> **What you will do**: Below are records; reproduce exactly the lines from the one containing "Capricorn Risk Manager" through the end, both included, and only those.

> **Task inputs**:
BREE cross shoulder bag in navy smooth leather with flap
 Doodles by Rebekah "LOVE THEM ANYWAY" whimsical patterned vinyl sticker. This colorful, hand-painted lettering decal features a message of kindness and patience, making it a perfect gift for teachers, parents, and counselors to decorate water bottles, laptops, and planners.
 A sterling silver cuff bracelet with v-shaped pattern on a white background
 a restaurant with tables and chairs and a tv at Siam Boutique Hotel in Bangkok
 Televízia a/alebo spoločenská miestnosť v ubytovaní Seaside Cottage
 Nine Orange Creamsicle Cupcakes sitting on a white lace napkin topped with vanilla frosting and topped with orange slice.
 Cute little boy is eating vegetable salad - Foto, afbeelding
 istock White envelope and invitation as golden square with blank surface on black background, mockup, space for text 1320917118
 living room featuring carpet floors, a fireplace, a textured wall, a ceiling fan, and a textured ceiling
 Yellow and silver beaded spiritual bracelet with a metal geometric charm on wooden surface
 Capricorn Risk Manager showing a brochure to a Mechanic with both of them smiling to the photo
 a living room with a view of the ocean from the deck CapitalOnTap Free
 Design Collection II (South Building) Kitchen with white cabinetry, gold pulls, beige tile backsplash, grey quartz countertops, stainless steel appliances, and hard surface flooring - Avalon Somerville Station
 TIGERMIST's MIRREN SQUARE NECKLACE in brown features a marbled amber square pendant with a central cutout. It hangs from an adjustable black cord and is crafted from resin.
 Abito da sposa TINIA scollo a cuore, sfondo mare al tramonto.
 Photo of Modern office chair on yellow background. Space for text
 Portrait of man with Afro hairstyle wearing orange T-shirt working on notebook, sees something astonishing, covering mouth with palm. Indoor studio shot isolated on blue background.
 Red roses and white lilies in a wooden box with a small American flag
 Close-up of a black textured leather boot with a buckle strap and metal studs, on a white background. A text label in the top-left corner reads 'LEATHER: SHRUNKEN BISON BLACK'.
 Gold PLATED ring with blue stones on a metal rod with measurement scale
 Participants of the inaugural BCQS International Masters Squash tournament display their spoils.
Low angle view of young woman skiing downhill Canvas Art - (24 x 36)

> **Your response**:
 Capricorn Risk Manager showing a brochure to a Mechanic with both of them smiling to the photo
 a living room with a view of the ocean from the deck CapitalOnTap Free
 Design Collection II (South Building) Kitchen with white cabinetry, gold pulls, beige tile backsplash, grey quartz countertops, stainless steel appliances, and hard surface flooring - Avalon Somerville Station
 TIGERMIST's MIRREN SQUARE NECKLACE in brown features a marbled amber square pendant with a central cutout. It hangs from an adjustable black cord and is crafted from resin.
 Abito da sposa TINIA scollo a cuore, sfondo mare al tramonto.
 Photo of Modern office chair on yellow background. Space for text
 Portrait of man with Afro hairstyle wearing orange T-shirt working on notebook, sees something astonishing, covering mouth with palm. Indoor studio shot isolated on blue background.
 Red roses and white lilies in a wooden box with a small American flag
 Close-up of a black textured leather boot with a buckle strap and metal studs, on a white background. A text label in the top-left corner reads 'LEATHER: SHRUNKEN BISON BLACK'.
 Gold PLATED ring with blue stones on a metal rod with measurement scale
 Participants of the inaugural BCQS International Masters Squash tournament display their spoils.
Low angle view of young woman skiing downhill Canvas Art - (24 x 36)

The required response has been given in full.